= The task =
When you copy the data that follows, reproduce every word exactly and leave out the images.

= Data shown =
--------------------------------

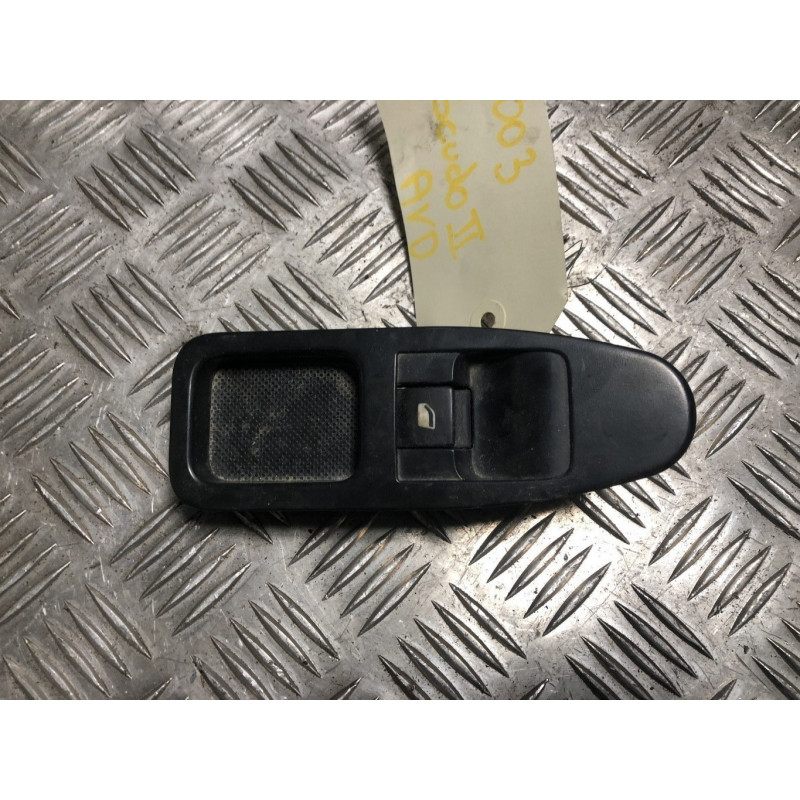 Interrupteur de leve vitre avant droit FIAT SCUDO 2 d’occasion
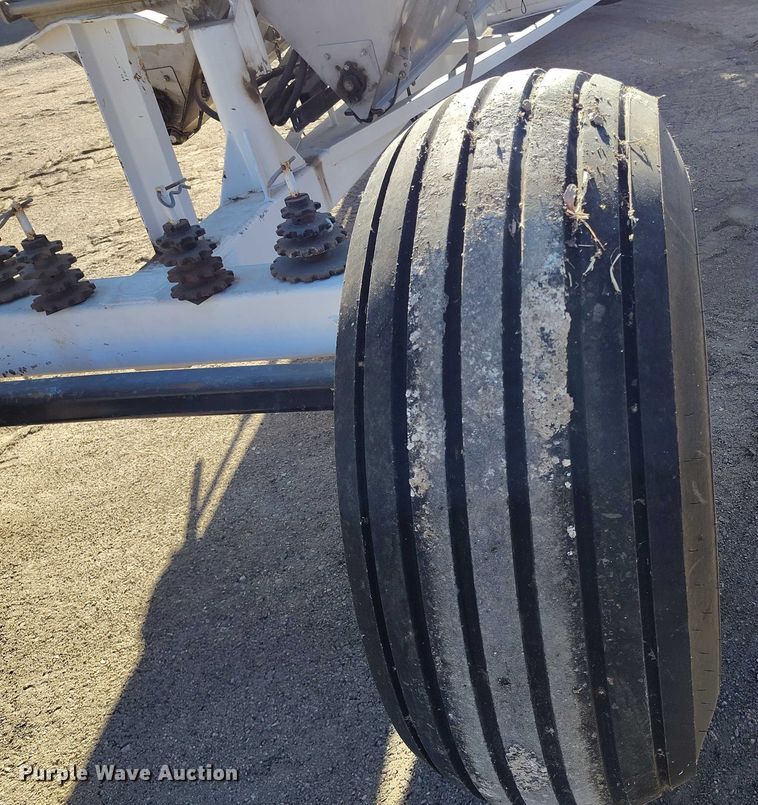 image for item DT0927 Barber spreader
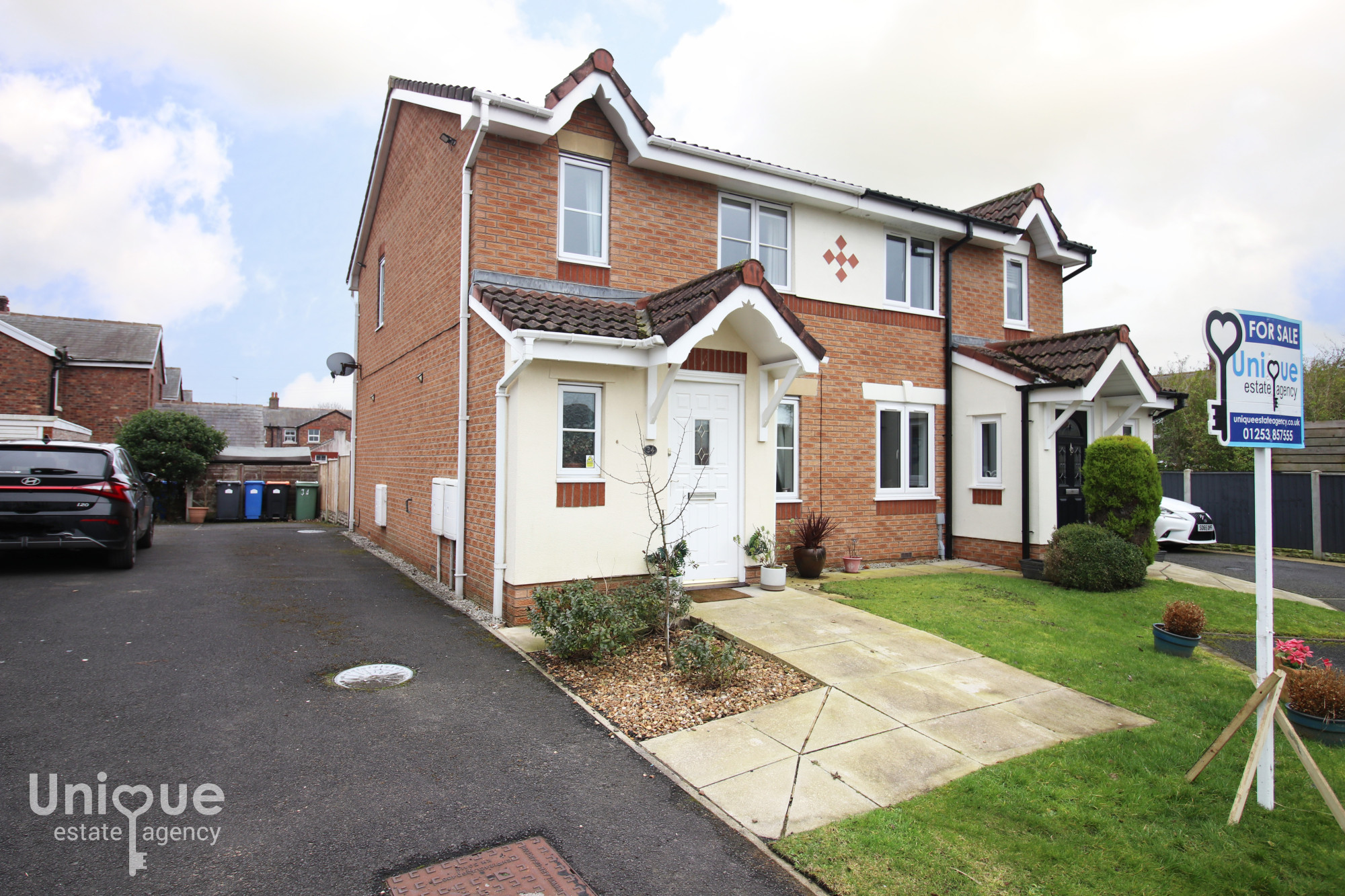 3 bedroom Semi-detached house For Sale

--------------------------------

= Exercise response =
 Interrupteur de leve vitre avant droit FIAT SCUDO 2 d’occasion
 image for item DT0927 Barber spreader
 3 bedroom Semi-detached house For Sale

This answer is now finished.